Collected data entries

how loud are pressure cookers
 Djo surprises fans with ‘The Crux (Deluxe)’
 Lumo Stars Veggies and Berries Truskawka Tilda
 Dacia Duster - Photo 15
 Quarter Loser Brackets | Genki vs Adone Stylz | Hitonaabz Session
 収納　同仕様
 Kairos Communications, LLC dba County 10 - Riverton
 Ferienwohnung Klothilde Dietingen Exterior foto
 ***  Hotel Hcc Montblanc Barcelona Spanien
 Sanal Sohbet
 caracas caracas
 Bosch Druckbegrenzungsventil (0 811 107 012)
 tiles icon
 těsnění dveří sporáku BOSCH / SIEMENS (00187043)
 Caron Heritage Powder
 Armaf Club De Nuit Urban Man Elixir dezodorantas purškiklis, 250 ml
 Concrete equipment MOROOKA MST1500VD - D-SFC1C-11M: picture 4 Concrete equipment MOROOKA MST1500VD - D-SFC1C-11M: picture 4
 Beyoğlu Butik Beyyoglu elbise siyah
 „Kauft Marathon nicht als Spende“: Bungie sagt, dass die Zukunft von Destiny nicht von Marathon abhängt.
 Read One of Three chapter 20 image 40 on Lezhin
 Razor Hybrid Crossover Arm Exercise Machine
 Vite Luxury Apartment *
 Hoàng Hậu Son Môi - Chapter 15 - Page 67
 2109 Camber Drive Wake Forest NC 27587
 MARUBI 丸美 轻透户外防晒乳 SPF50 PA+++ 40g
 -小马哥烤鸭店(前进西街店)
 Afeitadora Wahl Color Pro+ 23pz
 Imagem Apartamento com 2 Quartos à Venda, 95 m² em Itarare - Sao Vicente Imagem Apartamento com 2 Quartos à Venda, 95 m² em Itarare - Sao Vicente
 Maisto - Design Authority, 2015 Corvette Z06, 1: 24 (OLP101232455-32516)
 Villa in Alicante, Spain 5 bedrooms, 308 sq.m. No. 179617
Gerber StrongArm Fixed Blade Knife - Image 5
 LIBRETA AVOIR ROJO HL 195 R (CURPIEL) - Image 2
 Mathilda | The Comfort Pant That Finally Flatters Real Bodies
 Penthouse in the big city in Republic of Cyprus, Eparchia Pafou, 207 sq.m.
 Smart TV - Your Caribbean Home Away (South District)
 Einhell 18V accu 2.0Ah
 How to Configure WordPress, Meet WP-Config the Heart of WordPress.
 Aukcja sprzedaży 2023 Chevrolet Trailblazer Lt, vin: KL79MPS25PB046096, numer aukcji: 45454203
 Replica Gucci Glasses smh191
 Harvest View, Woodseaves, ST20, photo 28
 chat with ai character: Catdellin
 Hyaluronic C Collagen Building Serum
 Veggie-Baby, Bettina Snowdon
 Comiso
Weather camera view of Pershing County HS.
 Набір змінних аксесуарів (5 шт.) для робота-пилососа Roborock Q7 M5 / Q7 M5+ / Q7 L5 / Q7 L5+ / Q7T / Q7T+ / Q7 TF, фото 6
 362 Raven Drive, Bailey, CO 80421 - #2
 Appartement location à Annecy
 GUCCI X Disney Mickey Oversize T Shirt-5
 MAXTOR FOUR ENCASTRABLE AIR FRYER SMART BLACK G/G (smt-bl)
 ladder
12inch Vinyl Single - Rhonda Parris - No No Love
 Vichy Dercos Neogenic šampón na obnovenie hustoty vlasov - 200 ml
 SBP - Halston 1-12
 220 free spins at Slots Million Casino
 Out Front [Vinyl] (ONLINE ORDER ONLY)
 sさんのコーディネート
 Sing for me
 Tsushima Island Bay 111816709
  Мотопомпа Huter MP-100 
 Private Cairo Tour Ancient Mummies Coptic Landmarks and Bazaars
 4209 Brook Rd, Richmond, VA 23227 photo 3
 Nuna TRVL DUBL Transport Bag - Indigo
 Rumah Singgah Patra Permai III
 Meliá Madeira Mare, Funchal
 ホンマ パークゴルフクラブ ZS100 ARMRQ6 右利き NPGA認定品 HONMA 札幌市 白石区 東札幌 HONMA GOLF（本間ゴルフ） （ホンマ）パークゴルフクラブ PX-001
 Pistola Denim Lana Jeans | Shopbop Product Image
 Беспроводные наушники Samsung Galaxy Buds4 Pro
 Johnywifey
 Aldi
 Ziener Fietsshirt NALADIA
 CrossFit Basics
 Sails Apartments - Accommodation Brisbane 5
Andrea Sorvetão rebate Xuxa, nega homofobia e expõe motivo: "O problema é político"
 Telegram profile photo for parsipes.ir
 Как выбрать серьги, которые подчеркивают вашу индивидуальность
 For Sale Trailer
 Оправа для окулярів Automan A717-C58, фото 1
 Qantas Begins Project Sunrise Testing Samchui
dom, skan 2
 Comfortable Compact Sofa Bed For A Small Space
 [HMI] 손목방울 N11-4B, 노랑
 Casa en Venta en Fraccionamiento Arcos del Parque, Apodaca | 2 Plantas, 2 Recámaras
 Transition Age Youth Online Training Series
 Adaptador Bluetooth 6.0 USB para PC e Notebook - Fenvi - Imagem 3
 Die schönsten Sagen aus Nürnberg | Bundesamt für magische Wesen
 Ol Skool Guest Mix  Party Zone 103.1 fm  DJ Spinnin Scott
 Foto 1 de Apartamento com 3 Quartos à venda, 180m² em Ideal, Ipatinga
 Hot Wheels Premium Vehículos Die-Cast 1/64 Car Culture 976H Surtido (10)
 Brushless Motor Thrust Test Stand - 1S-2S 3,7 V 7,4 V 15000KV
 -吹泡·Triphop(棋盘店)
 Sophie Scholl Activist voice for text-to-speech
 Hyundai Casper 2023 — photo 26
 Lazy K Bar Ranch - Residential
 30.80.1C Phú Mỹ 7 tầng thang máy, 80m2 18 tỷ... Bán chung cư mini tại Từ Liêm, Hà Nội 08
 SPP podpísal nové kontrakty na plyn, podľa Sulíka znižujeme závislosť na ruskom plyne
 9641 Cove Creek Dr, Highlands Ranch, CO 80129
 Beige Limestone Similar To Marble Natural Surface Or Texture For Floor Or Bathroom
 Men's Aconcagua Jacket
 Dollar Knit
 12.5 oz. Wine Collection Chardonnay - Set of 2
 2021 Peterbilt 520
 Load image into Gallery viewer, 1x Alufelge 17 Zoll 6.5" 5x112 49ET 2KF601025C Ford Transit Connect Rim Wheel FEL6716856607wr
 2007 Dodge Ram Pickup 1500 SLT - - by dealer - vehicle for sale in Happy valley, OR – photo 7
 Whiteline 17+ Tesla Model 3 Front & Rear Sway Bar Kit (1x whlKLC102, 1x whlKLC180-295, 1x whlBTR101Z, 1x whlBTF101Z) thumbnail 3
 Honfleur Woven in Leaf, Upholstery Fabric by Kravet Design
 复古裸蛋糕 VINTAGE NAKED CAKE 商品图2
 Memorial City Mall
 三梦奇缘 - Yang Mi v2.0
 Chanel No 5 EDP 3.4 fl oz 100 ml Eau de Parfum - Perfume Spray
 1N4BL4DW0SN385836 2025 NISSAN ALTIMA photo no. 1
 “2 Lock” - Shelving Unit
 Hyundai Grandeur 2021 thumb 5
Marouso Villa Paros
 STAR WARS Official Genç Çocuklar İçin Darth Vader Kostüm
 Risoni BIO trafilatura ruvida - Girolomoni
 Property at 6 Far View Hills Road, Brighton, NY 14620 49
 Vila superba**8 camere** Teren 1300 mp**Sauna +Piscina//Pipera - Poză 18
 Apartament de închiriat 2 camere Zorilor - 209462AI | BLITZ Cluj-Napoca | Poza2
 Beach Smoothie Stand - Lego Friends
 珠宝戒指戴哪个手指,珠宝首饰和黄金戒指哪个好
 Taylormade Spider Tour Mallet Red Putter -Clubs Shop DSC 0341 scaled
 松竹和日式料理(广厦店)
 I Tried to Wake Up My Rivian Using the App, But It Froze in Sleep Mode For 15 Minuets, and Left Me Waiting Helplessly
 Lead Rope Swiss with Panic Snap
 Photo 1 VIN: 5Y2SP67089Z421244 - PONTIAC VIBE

#### EXERCISE
Taking the entries above, restate exactly those lines that fall between the line with "Maisto - Design" and the line with "LIBRETA AVOIR ROJO", keeping both of those lines too.

#### ANSWER FOR THE TASK
 Maisto - Design Authority, 2015 Corvette Z06, 1: 24 (OLP101232455-32516)
 Villa in Alicante, Spain 5 bedrooms, 308 sq.m. No. 179617
Gerber StrongArm Fixed Blade Knife - Image 5
 LIBRETA AVOIR ROJO HL 195 R (CURPIEL) - Image 2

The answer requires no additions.